SUPPLIED MATERIAL: Begin

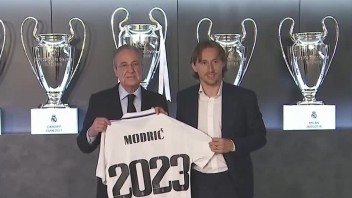 Modrič predĺžil zmluvu s Realom Madrid do roku 2023. Bol kľúčovým hráčom pri triumfe klubu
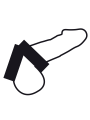 DARKNESS - DOUBLE METAL PENIS RING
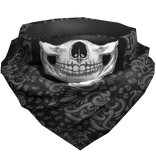 Neck Scarf Skull Cowl Bandana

SUPPLIED MATERIAL: End

** YOUR OBJECTIVE **
Write out the material above exactly. Skip the pictures.

** COMPLETED EXERCISE **
 Modrič predĺžil zmluvu s Realom Madrid do roku 2023. Bol kľúčovým hráčom pri triumfe klubu
 DARKNESS - DOUBLE METAL PENIS RING
 Neck Scarf Skull Cowl Bandana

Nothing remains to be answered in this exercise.